La croissance économique de notre pays était alors proche de zéro, c’est-à-dire que nous ne produisions plus de richesses, pendant que toutes nos routes, nos écoles, nos centres de santé se dégradaient à vue d’oeil, que nous vivions au milieu des ordures, que les salaires stagnaient, que le nord du pays était totalement abandonné, que tout le monde nous fuyait et que l’électricité commençait à se faire rare. Ne parlons pas des droits humains qui étaient quotidiennement bafoués, des moeurs complètement dépravés et du taux de chômage qui atteignait des sommets. C’est à partir de ce moment que de nombreux jeunes Ivoiriens choisirent de fuir le pays et commencèrent à mourir en masse dans la Méditerranée.
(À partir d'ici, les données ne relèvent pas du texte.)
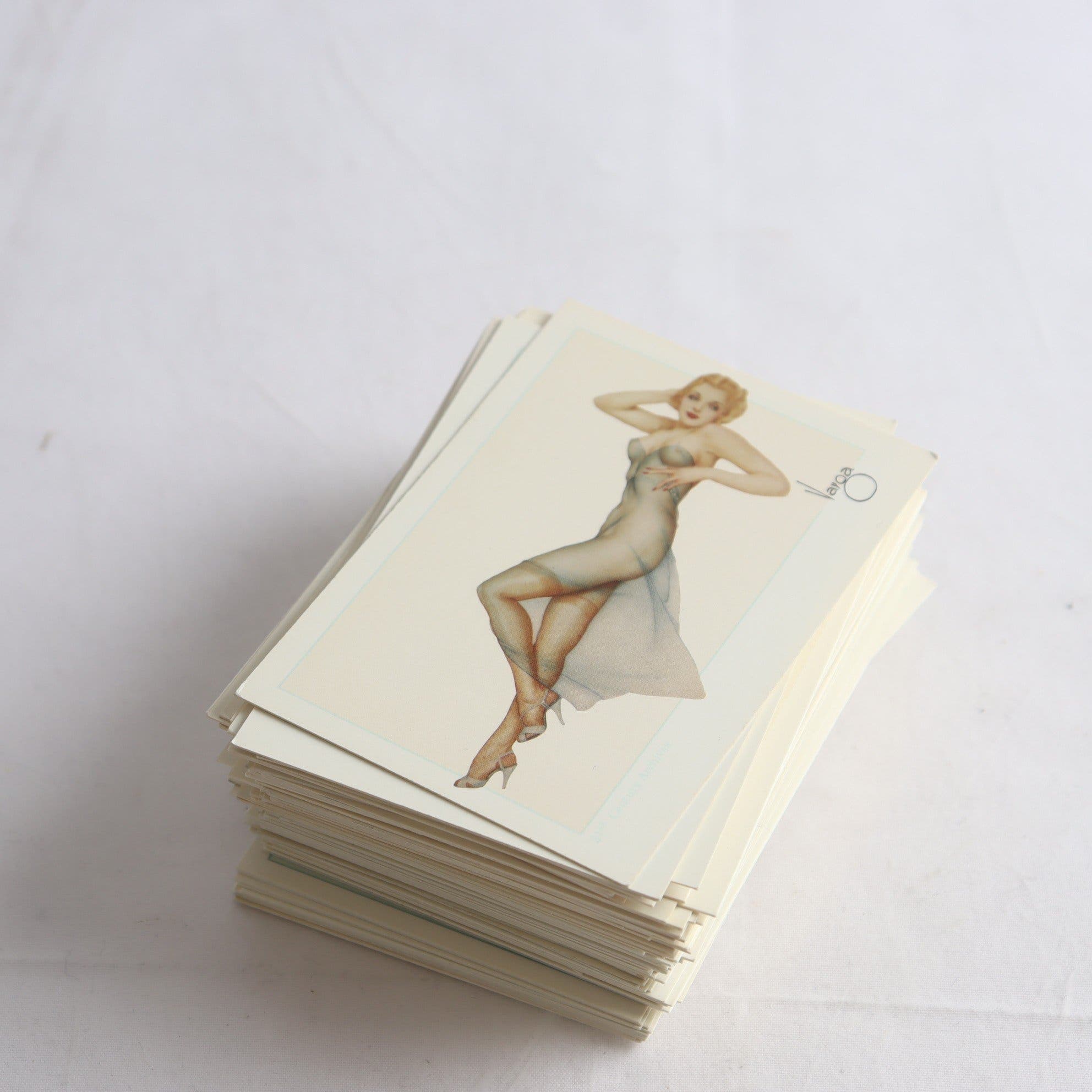 Samlarkort med pinup-bilder av Alberto Vargas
M. Alassane Ouattara prit le contrôle de l’Etat à partir d’avril 2011, à l’issue de la guerre contre les forces loyales à M. Laurent Gbagbo. Bon nombre des jeunes gens qui manifestent ces temps-ci pour réclamer de l’argent ont joué un rôle magnifique dans cette histoire, et la grande Histoire ne pourra jamais les oublier. Prendre le contrôle du pays et le remettre en marche ne fut pas chose facile. Il y eut de nombreux indisciplinés parmi ceux qui avaient libéré le pays. Il y eut beaucoup de haine et des tentatives de déstabilisation de la part de fanatiques de l’ancien pouvoir. Et pendant plus d’une année, le pays vécut au rythme des attaques de casernes, de commissariats, de populations vivant à la frontière, etc.

Malgré tout cela le pays s’est remis en marche, et du fait du charisme, de l’audience et de la compétence de notre président, la Côte d’Ivoire a recommencé à créer de la richesse et à attirer les investisseurs. On a commencé à réparer les infrastructures détruites, à en construire de nouvelles ; on a revalorisé les revenus des travailleurs, repositionné la Côte d’Ivoire sur la scène internationale.
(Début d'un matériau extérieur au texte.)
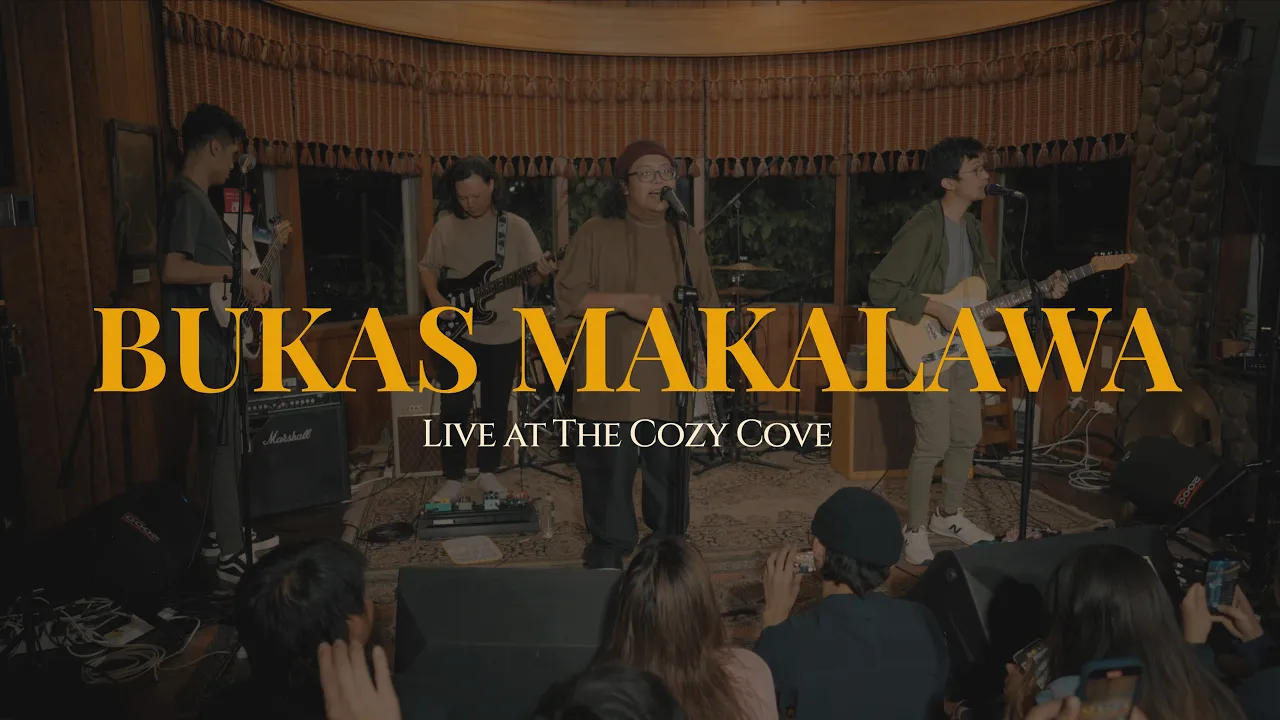 Bukas Makalawa (Live at The Cozy Cove) - Munimuni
Nous avons remporté la Coupe d’Afrique de football au passage, sans compter de nombreux trophées dans d’autres disciplines sportives, artistiques ou littéraires. La ville de Grand-Bassam a été classée au patrimoine mondial de l’Unesco. La Banque africaine de développement qui avait quitté notre pays est revenue, en même temps que d’autres institutions internationales, avec leurs milliers de travailleurs ; nous avons recommencé à abriter de grandes rencontres internationales et les prochains jeux de la Francophonie sont programmés chez nous dans quelques mois.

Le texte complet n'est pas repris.